Thursday, May 21, 2009

Nice try

Last night was a good night. It was a really good night. Dane came over from Irvine and we spent the night together. We talked about what was on my mind. I wasn't gonna say anything and I tried my best to act like I was okay even though I really wasn't. But he knew something was wrong. It took awhile to get it out of me, but we talked. No fighting. No yelling. Just talking and comforting. It was nice to finally talk about my problems. It was nice to finally hug someone. It was even better that that someone was Dane. I cried. Of course I cried. That's no surprise.

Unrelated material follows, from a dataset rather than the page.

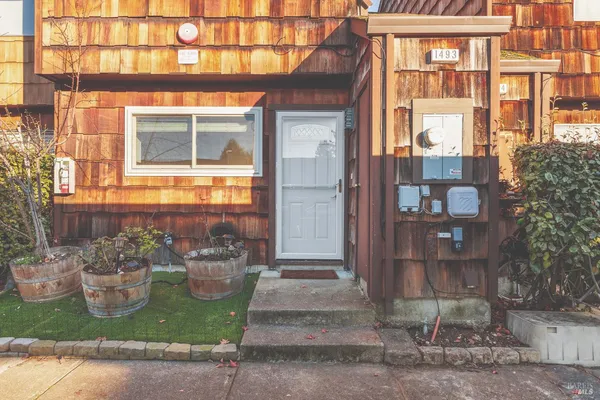 $419,500 | 1493 Parkway Drive, Rohnert Park, CA 94928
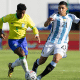 Endrick, do Brasil, disputa bola com jogador da Argentina em partida do Pré-Olímpico de futebol masculino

The things people do to try and get in the middle of two people that love each other is beyond me. She doesn't know when to back off. It makes me mad. If this was happening to anyone else, I'm sure they would be just as mad too. She says things like that and makes it public because she knows I see it and thinks it would bother me. But nice try. I know the truth. I've heard it from more than enough people. And the things that she has to make him tell her just so she can leave him alone.. It's insane. But whatever it takes for you to leave us alone.

Honestly, I was scared. He saw that I was scared. He knew that I was scared. But he hugged me tight and told me that there was nothing to worry about. He told me he loved me and only me. And I believe him. He brushed my hair out of my face. He caressed my cheeks. He smiled at me. And he kissed me. And I knew that he meant everything he said.


And the night was absolutely amazing.